The tank has become a versatile and often deadly weapon system platform. They usually mount a large-calibre cannon in a rotating gun turret and this is supplemented by mounted machine guns or other weapons.

All of this is combined with heavy vehicle armour that provides protection for the crew, the vehicle’s weapons and its propulsion system. Steel armour plate was the earliest type of armour but later developments would see Chobham armour and reactive armour being used.

The use of tracks rather than wheels allows the tank to move over rugged terrain. Tanks are used in both the offensive and defensive roles.

During World War I tanks were classified as being either male or female. A male tank was armed with both cannon and machine guns while a female tank carried only machine guns.

During World War II tanks were classified as light, medium or heavy. This was based on both their armour and weapon system.

In this article we will take a closer look at some of the tanks used by the British, German, Russian, Japanese and Americans during World War II.

British Tanks

While Britain relied on its navy to defend its interests, it also had modern and effective aircraft and a small army. Its armored forces were not at all numerically equal to France or Nazi Germany.

Early British tanks were armed with the Ordnance QF (Quick Firing) 2-pounder (40 mm) gun. This was not very effective against Axis armour and the British later upgraded to a 6-pounder (57 mm) gun and the highly effective 17-pounder (76.2 mm) gun.

Cruiser Mk II (A10)

The Cruiser was classified as a heavy tank and saw service from 1940-1941.

It weighed 14.3 tonnes, had a length of 5.56 m, a width of 2.54 m and a height of 2.64 m.

It carried a crew of five - Commander, loader, gunner, driver and hull MG gunner.

Its armour ranged between 6 and 30 mm and it was armed with a OQF 2-pounder gun with 100 rounds of ammunition. There were also two Vickers machine guns which were later replaced by the BESA machine gun with 4,050 rounds.

The Cruiser was powered by a AEC Type A179 6-Cylinder Petrol 150 hp engine and had an operational range of 160 km when travelling via road.

It could reach a top speed of 26 km/h on the road and 13 km/h off-road.

A number of Mark IIs were sent to France as part of the British Expeditionary Force (BEF) in the early stages of World War II.

The cross country performance was poor but they were used with reasonable success in North Africa.

Over 90% of Mark IIs were lost due to mechanical failure as opposed to enemy actions. Mainly because of their tendency to lose tracks.

Cruiser Mk V Crusader

The Crusader was classified as a cruiser or heavy tank and it saw service between 1941-1945.

It made an important contribution to the British victories in North Africa.

It weighed 20 tonnes, had a length of 5.97 m, a width of 2.77m, and a height of 2.24 m.

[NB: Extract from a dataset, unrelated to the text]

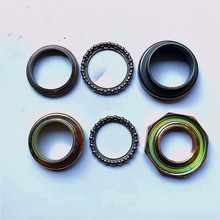 �m������QS125T-2���P�����S��퍲�QS100T�����������S�����n��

It carried a crew of five - Commander, loader, gunner, driver and hull MG gunner.

It had a maximum of 51 mm of armour and was armed with a OQF 2-pounder gun with 110 rounds of ammunition. This was later upgraded to a OQF 6-pounder with 65 rounds. It also had one or two BESA machine guns with 4,950 rounds.

The Crusader was powered by a Nuffield Liberty 27-litre V-12 petrol engine and had an operational range of 322 km on road and 235 km off road.

It could reach a top speed of 42 km/h on road and 24 km/h off road.

As a result of several factors the Crusader suffered from serious reliability problems in the desert.

Tanks arriving in North Africa were missing essential tools and service manuals needed to maintain operation.  A lack of spare parts meant that tanks returning to base workshops were serviced with parts recovered from other tanks.

Cruiser, Mk VIII, Cromwell (A27M)

The Cromwell was a heavy tank that first saw action in the Battle of Normandy in 1944. It remained in service from 1944 until 1955.

It weighed 28 tonnes, had a length of 6.35 m, a width
of 2.908 m, and a height of
2.49 m.

It carried a crew of five - Commander, gunner, loader/radio operator, driver, front gunner.

It had a maximum armour of 100 mm and was armed with the QF 75 mm gun with 64 rounds. It also carried two 7.92 mm BESA machine guns with 4,950 rounds.

The Cromwell was powered by a Rolls-Royce Meteor V12 petrol engine and had an operational range of 270 km on road and 130 km off road.

It could reach a top speed of 64 km/h on road and nearly 40 km/h off road.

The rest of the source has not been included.